As we have explained in previous articles, the bourgeois media present an absolutely false and biased view of the armed conflict that has bled dry the Colombian people. In this version the violence is provoked by the guerrillas who are presented time and again as assassins dripping with blood, criminals, terrorists, etc. The reality, as we shall see in more detail later, is that the armed conflict has its roots in the extremely backward and unjust character of Colombian capitalism and no one else is responsible other than the cruel violent and parasitic oligarchy that has dominated the country with an iron fist for centuries.
The Colombian bourgeois and imperialism have for many years used the fight against the peasant guerrillas to criminalise and exterminate left militants, and to slow down and distort the class struggle. Particularly in recent years, the prolongation of the war (together with the supposed struggle against drug trafficking) has served to justify the strengthening of the US military presence in the country and to arm to the teeth the Colombian army. Imperialism wants to convert Colombia into a military base from which they can attack every revolution on the continent, and in particular the Venezuelan revolution, that threatens the interests of the capitalists and imperialism. As the Marxists explained in advance, despite all of the promised commitments, apologies, smiles and hugs that Uribe is prepared to offer at summit meetings, acts of aggression and provocations on behalf of the Colombian oligarchy and imperialism have increased over the last few weeks and will continue to do so in the future.
"Slander, and some of it will stick..."
On May16, Ronald Noble, Director of Interpol, backed up the version of the Colombian government, according to which the computer that supposedly belonged to Raúl Reyes offered proof that Venezuela and Ecuador are supporting the FARC with arms and money. The media, at the service of the capitalists throughout the world, had no doubts in divulging this declaration and accusing the Venezuelan government of "supporting the terrorists". This very conveniently strengthens the campaign which has been prepared for years against the Venezuelan revolution and against Chávez. The small detail that Mr. Noble's declarations openly contradict various parts of the information supplied by Interpol's own investigators has been conveniently forgotten. Why let the truth ruin a good story?
The bourgeois mass media - as objective, impartial and independent as ever - have not hesitated to hide the fact that according to the report, thousands of files found on the computer allegedly belonging to Raúl Reyes were altered between March 1 (when we are told they were discovered) and March 3, the date on which their content was made public. In addition, the report makes clear that the Colombian state has not complied with the established procedures to guarantee the reliability of the investigation. This means that it is absolutely impossible to determine whether the computer definitely belonged to Reyes or came from somewhere else. (1) Not to mention the absurdity of one of the most hunted guerrillas in the world supposedly travelling with a computer full of emails and archives containing the most secret data and complete with all the details of who supported him and how they did it.
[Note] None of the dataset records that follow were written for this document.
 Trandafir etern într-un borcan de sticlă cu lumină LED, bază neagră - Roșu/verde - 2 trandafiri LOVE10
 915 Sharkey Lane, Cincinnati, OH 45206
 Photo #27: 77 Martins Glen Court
Not surprisingly, the slanders against Venezuela and Ecuador have not been retracted in spite of the statements of President Chávez offering dialogue and reconciliation with Uribe. On the contrary, the bourgeois - as could be expected - intend to use Chávez's statements to confuse and disorientate the active workers, peasants and students that support the revolution in Colombia and Venezuela, while still organising the habitual "hate sessions" against the Venezuelan President, accusing him of being a "terrorist", "Chief of the FARC", etc.
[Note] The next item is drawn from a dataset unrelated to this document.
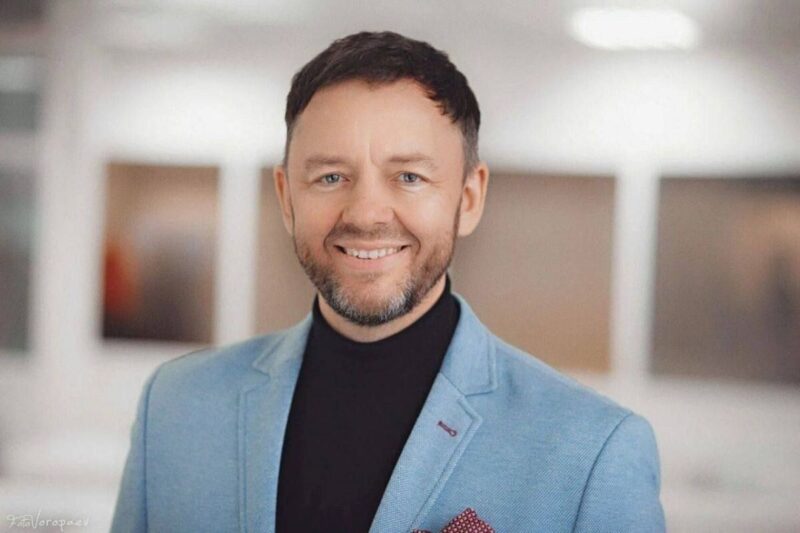 Сергей Нетиевский в настоящее время, занимаясь новыми проектами.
The character of the Colombian government
A little after the bizarre computer falsification, on May 19, a US military aeroplane made an incursion ("by mistake" according to the official White House version) into Venezuelan airspace. At the same time (another mistake), troops of the Colombian Army crossed the frontier at the River Arauca. All of these provocations form part of an escalation of threats, lies and aggression against the Venezuelan revolution that, orchestrated from Washington, has its most prominent pawn in Bogotá.
The bourgeois media in Colombia, Venezuela and the rest of the world put the blame on Chávez for the growing tensions on the Colombian-Venezuelan border, while remaining silent about all these attacks and hide the ultra-rightwing and pro-imperialist character of the Uribe government, and his close relationship with the fascist paramilitaries and drug traffickers.
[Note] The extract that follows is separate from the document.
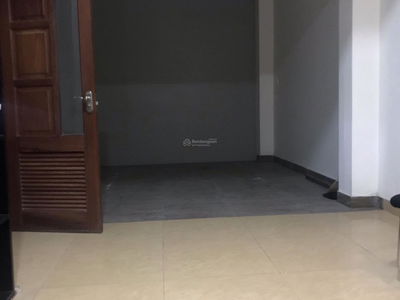 Lac Long Quan Street, Vietnam Lac Long Quan Street, Vietnam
Some months ago, the Colombian judges made public the content of the so called Ralito Pact (2). This document, signed in September 2001 by a group of Colombian politicians that belong to parties that support Uribe together with various chiefs of the main Colombian fascist paramilitary groups, finalised an agreement between them to "re-found the motherland" on the basis of concentrating even more power in their own hands and the removal of the left opposition from any position of power. Dozens of MPs, mayors and governors belonging to the parties that support Uribe are being investigated; many have been jailed for planning together with the chiefs of the drug-running paramilitaries the assassination of thousands of active workers and peasants.
The scandal of the so-called "para-politics" has served to illustrate what had been an open secret: the ever closer links between the Colombian bourgeois state apparatus (and the structures of the principal political parties of the ruling class, starting with Uribe) with the paramilitary fascists and the drug traffickers. Because of the gravity of these facts and the increasing public repercussions, the Colombian bourgeoisie has now been forced to pull the rabbit of "FARC-politics" out of the hat. They intend to divert attention by accusing the MPs of the Alternative Democratic Pole (Polo Democrático Alternativo) and the Liberal Party, (such as Senator Piedad Córdoba, the former presidential candidate Álvaro Leyva and others,) of ties with the guerrillas. The proof, of course, is to be found in the "supercomputer" of Raúl Reyes! Every day that passes it looks more like Aladdin's lamp. All Uribe has to do is rub it a little and the most delirious fantasies come out. Then Bush and the extreme right internationally convert these into reality.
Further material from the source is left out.